Restaurant information
- Established: January 10, 2025
- Owner: Magnicity
- Chef: Frank van Rijsbergen, Leonardo Sussi
- Food type: international with a focus on locally sourced products
- Location: Gedempte Zalmhaven 20, Rotterdam, 3016 DT, the Netherlands
- Coordinates: 51°54′37″N 4°28′50″E﻿ / ﻿51.91028°N 4.48056°E
- Seating capacity: 275 on the 57th floor; 108 in the restaurant; 300 including staff (total)
- Website: celest.nl

= Celest (restaurant) =

Restaurant in Rotterdam, the Netherlands

Celest is a fine dining restaurant and bar in Rotterdam, the Netherlands. The restaurant is situated on the 57th and 58th floor of De Zalmhaven tower at a height 190 meters, making it the highest horeca business in the Benelux.

==History==

To mark its opening, Celest organized a drone show above the Erasmus Bridge in Rotterdam. Approximately 400 drones, launched from the Kop van Zuid near Hotel New York, formed images including a hot-air balloon, the outline of the Netherlands, a planet, and a representation of the Zalmhaventoren. The ten-minute show was produced by the Amsterdam-based company Drone Stories, which has also created drone displays for events such as Coachella, Burning Man, and the Amsterdam Dance Event.
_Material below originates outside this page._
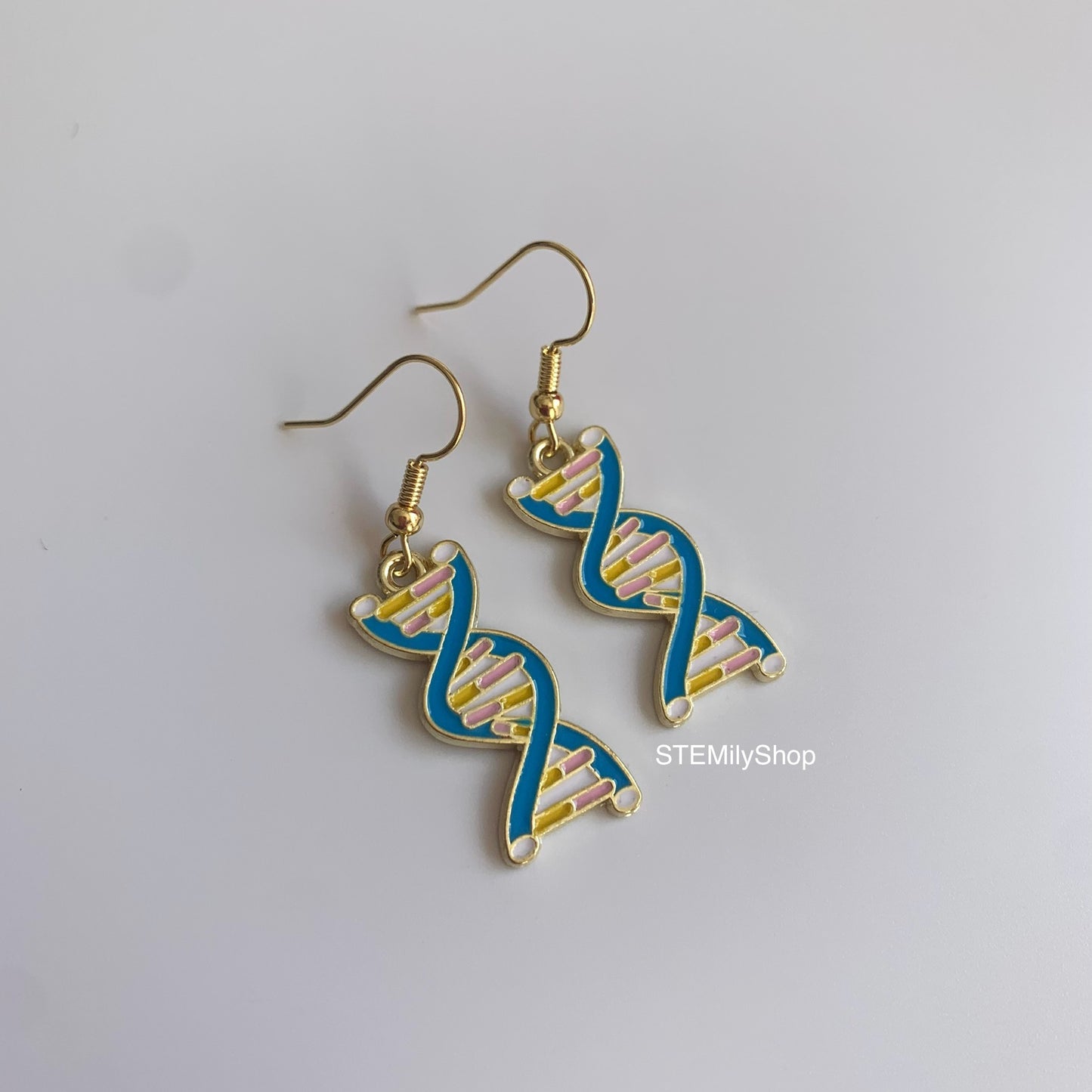 Gold science DNA blue dangle earrings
Celest was temporarily closed due to damage that occurred during scheduled maintenance in the Zalmhaventoren. Water released during the work affected both the technical installations and parts of the restaurant. After a period of restoration work, the company has opted for a phased reopening.

In late 2025, after months of closure due to water damage that affected its technical installations, Celest began a phased reopening. Initially it hosted private and corporate events, and by early January 2026 the skybar started opening on Friday and Saturday evenings for regular visitors as part of a step-by-step return to full operation. Opening of the restaurant followed on 16 September 2026.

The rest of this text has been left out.